OSBPL3, an intracellular lipid receptor of the oxysterol-binding protein superfamily, participates in some pathological and physiological processes in tumor progression. It has been associated with regulating the actin cytoskeleton [6].

OSBPL3 is overexpressed in a variety of malignancies. In colorectal cancer (CRC), its high expression is associated with worse progression-free survival and overall survival, and is negatively correlated with tumor differentiation. KRAS mutations, detected in about 32.6% of CRC patients, are significantly associated with high OSBPL3 expression, and OSBPL3 expression is also significantly correlated with Ki-67 expression. Over-expression of OSBPL3 promotes CRC cell proliferation, invasion and metastasis both in vitro and in vivo, likely through activation of the RAS signaling pathway.
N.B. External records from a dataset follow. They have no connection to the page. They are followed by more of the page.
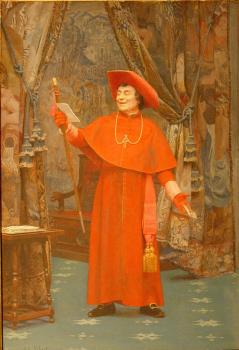 Jehan Georges Vibert : Cardinal Reading a Letter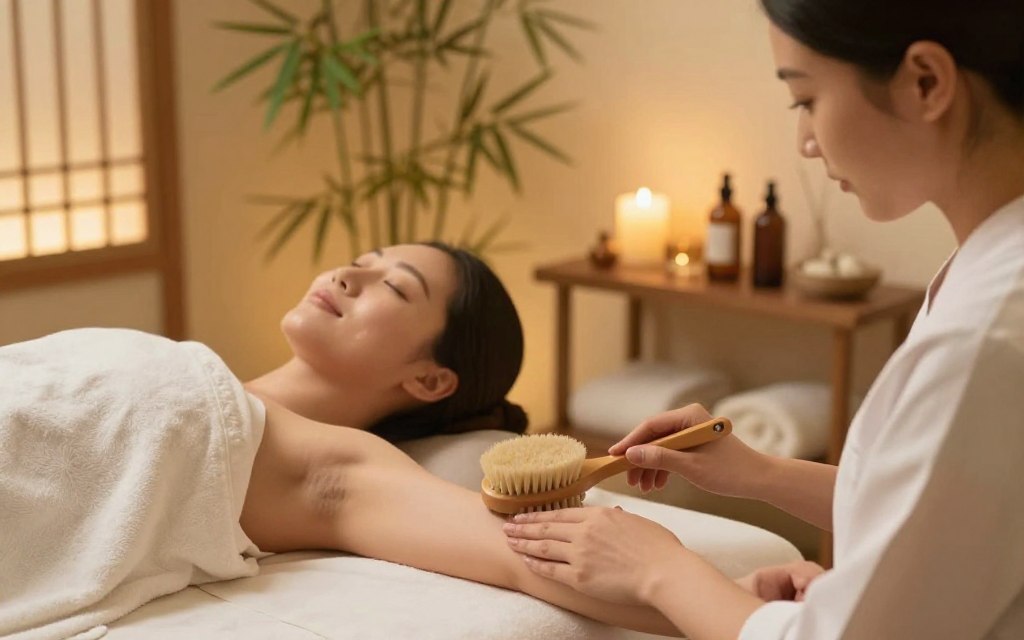 Masaż i peeling mechaniczny szczotką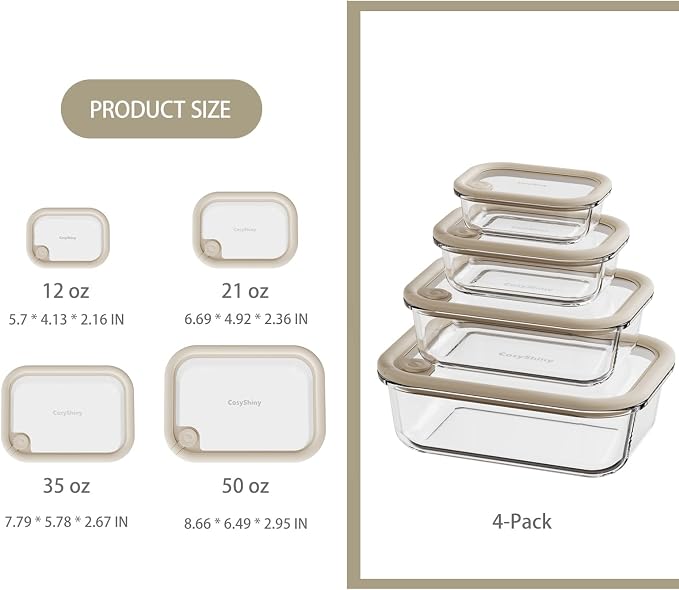 Glass Food Storage Containers with Silicone Glass Lids, Stainless Steel Salad Dressing Containers, LeakProof Food Containers Set, 4-pack 12-21-35-50 oz（White）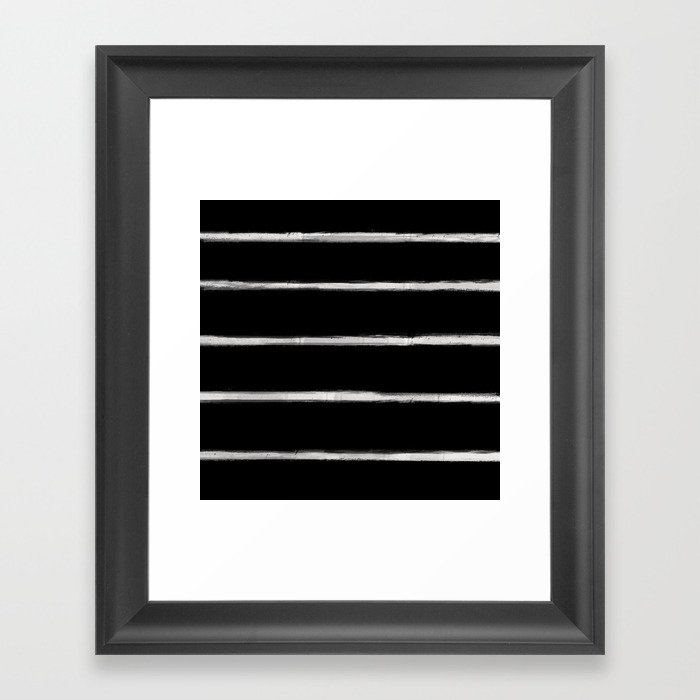 form blocs | skinny strokes horizontal | off white on black  Framed Art Print
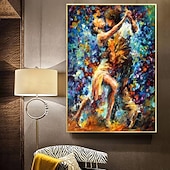 olcso Portrék-kézzel készített olajfestmény vászon fali művészet dekoráció figura absztrakt kés rajz színes tánc lakberendezéshez hengerelt keret nélküli feszítetlen festmény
Hypoxia induced factor 1 (HIF-1A) can regulate OSBPL3 expression by binding to its promoter [1,2]. In pancreatic cancer, high OSBPL3 expression is associated with immunosuppressive characteristics, such as reduced CD8+ T cell infiltration and increased immunosuppressive cell populations, and is linked to resistance to immunotherapy [3]. In hepatocellular carcinoma, upregulated OSBPL3 is observed in tumor tissues, especially in more advanced stages, and is associated with poor clinical outcomes [4]. In gastric cancer, OSBPL3 overexpression is detected in cancer cells, and knockdown of OSBPL3 reduces cell growth by inhibiting cell cycle progression, likely by activating the R-Ras/Akt signaling pathway [5].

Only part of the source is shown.